Okay, so maybe the Noise Pop show to see this year really was Drive Like Jehu? At least, if you accept the word of the band’s rabid fan base as law. “OMG BEST SHOW EVER,” “Nobody comes close – Jehu is God” and “Drive Like Jehu!! So amazing!!!” are three real status updates from my own social media feed.
But you can only go to so many shows, especially when Prince decides to crash the Noise Pop party with a last-minute show in Oakland. This year we also strongly welcomed the long-running festival’s branching out into jazz and hip-hop, as well as booking female-fronted acts when other festivals still seem clueless on the concept.

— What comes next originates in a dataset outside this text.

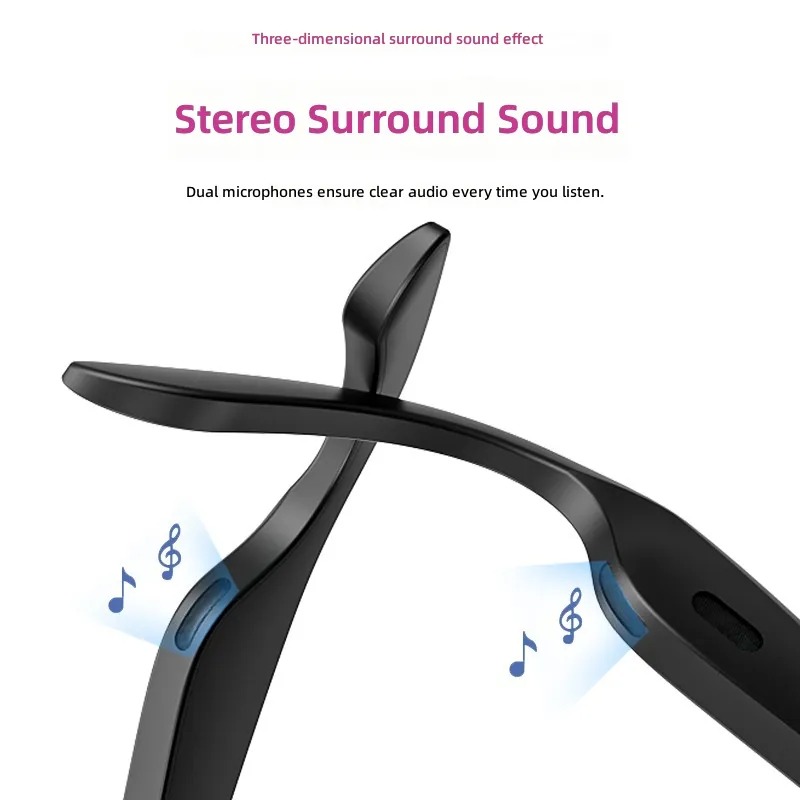 Smarte Bluetooth-Brille XG89 K – Blue Light Blocking Smart Audio Glasses Bewertung und Preis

So here’s to Noise Pop’s three major shows that weren’t four white guys with guitars: namely, Kamasi Washington at the Independent, Carly Rae Jepsen at the Warfield, and Vince Staples at the Social Hall SF.
Kamasi Washington: What Jazz Needs Right Now
It wasn’t just that within the first 10 minutes of Kamasi Washington’s set, I already wished that my family and friends and everyone I loved were with me, experiencing the same transcendence. It wasn’t just the series of climaxes reached by Washington’s eight-piece band, or the ceiling parting and rays of holy light shining down. It wasn’t just the feeling of family, literal and otherwise, on the stage, or the evident decades of shared experience among the players.

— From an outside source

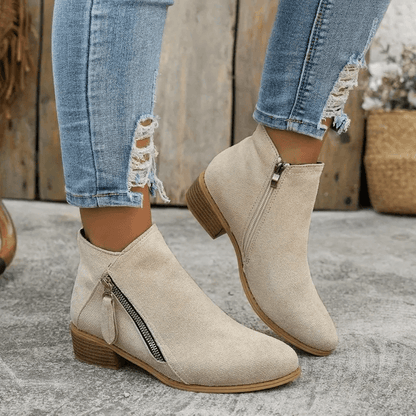 Fiora | Klasyczne Buty Vintage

No, it was the fact that Kamasi Washington was playing to his new crowd, which is to say a new-to-jazz crowd, one that discovered his latest album The Epic through his association with Kendrick Lamar, or through indie-rock blogs, or through the electronic-heavy imprimatur of Brainfeeder Records. The jazz establishment tends to view Washington’s music as a stylistic retread of spiritual jazz, and that’s true; The Epic essentially sounds like an Impulse Records album from the early 1970s. But if that same establishment could understand what Washington is doing for jazz, they might stop endlessly wringing their hands over how to attract a new generation to an art form perennially declared to be dying.